Keywords: L. monocytogenes, high pressure processing, cured meat, qPCR, virulence and stress-related genes
1. Introduction
Listeria monocytogenes is a foodborne pathogen causing listeriosis, mainly in neonates, the elderly, and pregnant or immunocompromised individuals. Although listeriosis has low morbidity, it is the most severe human disease in terms of hospitalization (more than 90% of cases) and has the highest mortality rate in the European Union, which was 15.6% in 2018 [1]. Certain strains of L. monocytogenes can form biofilms and withstand cleaning and disinfection processes allowing the pathogen to persist in the food processing installations for long periods. Moreover, this pathogen is able to overcome environmental stresses encountered in foods, such as refrigeration temperature (<5 °C), low pH (>4), or high content of NaCl (up to 12%). However, it is inhibited at water activity (aw) values below 0.92 [2].
Dry-cured ham can result contaminated with L. monocytogenes during post-processing steps (e.g., deboning or slicing). In the European Union, a maximum of 100 CFU/g of L. monocytogenes is allowed during the shelf-life for ready-to-eat (RTE) foods different to those intended for infants and medical purposes and that do not support the growth of the pathogen [3]. A “zero tolerance” criterion (absence in 25 g) is required in the USA [4], which is an impediment for the international commerce of cured meat products. The establishment of strategies to control L. monocytogenes (e.g., biopreservation and/or high pressure processing, HPP) would boost the international market of dry-cured ham.

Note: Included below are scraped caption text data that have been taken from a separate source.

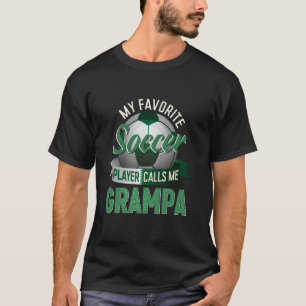 Mijn favoriete voetballer noemt me opa vader t-shirt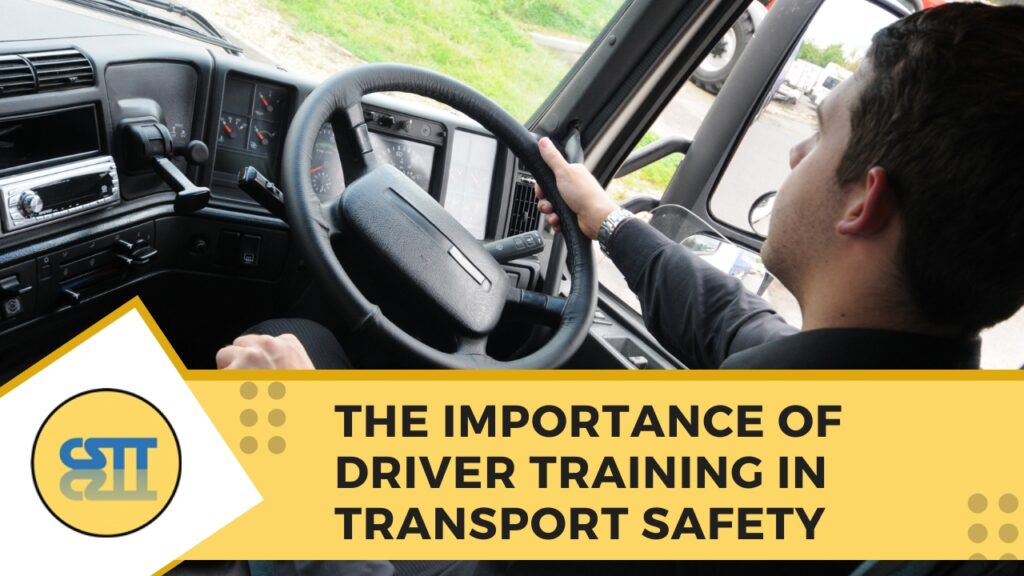 The Importance of Driver Training in Transport Safety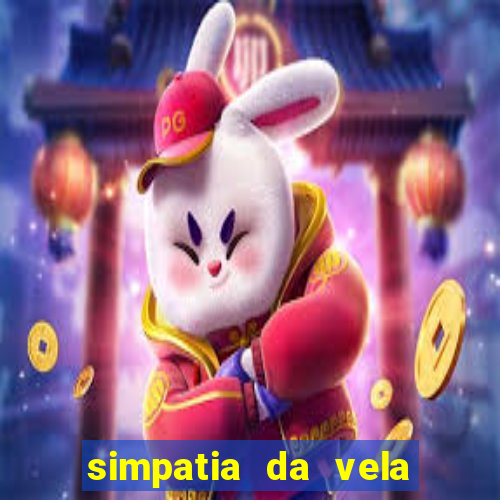 simpatia da vela para afastar rival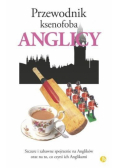 Przewodnik ksenofoba. Anglicy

HPP is a non-thermal technology effective to control foodborne pathogens and spoilage microorganisms, and its industrial implementation is continually growing. HPP can inactivate microorganisms subjecting the products to elevated pressures [5], controlling pathogens such as L. monocytogenes in dry-cured ham with minor changes in texture, color, or nutritional value [6]. HPP efficacy depends on various processing parameters such as the pressure level, temperature, and time of processing, as well as the type of microorganism and its growth phase. Pathogen lethality during HPP also depends very highly on the composition and the physico-chemical properties of the food matrix such as pH and aw [7,8,9]. Low aw values could reduce the antimicrobial efficacy of HPP against L. monocytogenes in sliced dry-cured ham and could result in changes in virulence and stress-related gene expression profiles of surviving L. monocytogenes cells [10,11].

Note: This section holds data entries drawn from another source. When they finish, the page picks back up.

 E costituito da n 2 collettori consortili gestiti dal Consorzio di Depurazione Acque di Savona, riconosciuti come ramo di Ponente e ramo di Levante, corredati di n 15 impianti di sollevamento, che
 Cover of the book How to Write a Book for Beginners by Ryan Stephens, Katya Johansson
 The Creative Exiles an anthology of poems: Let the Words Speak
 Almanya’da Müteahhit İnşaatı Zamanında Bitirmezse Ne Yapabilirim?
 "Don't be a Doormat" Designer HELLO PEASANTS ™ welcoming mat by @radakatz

Stress-related gene sigB contributes to overcome different conditions encountered in foods such as acidic, osmotic, or oxidative stresses [12] and to the adaptation of the pathogen to HPP [13]. Moreover, it contributes to the transcription of the prfA virulence gene cluster, the major virulence genetic locus identified in L. monocytogenes [14], which exerts a positive control on some virulence factors, including plcA and hly genes. Studies considering the effect of dry-cured ham aw on the inactivation of L. monocytogenes by HPP are scarce and the consequences of the treatments for the physiology of the pathogen do not usually be considered. Current knowledge regarding the antilisterial effect of HPP in dry-cured ham should be integrated with information concerning molecular or cellular response of the pathogen to such treatments. Changes in gene expression may be of great help to understand changes in microbial physiology [15].
The aim of this work was to investigate the effect of dry-cured ham water activity on the inactivation and the relative expression of genes involved in virulence and stress response of two strains of L. monocytogenes during refrigerated storage after HPP treatment.
2. Materials and Methods
2.1. Microorganisms
Two L. monocytogenes strains (S4-2—serotype 1/2b and S12-1—serotype 1/2c) from the environment of a pork processing industry [16] were used as target organisms. Stock cultures in brain heart infusion (BHI, Biolife S.r.l., Milano, Italy) at −80 °C were subcultured twice onto Tryptic Soy Yeast Extract Broth (TSYEB, Biolife) at 37 °C for 18 h before use in experiments.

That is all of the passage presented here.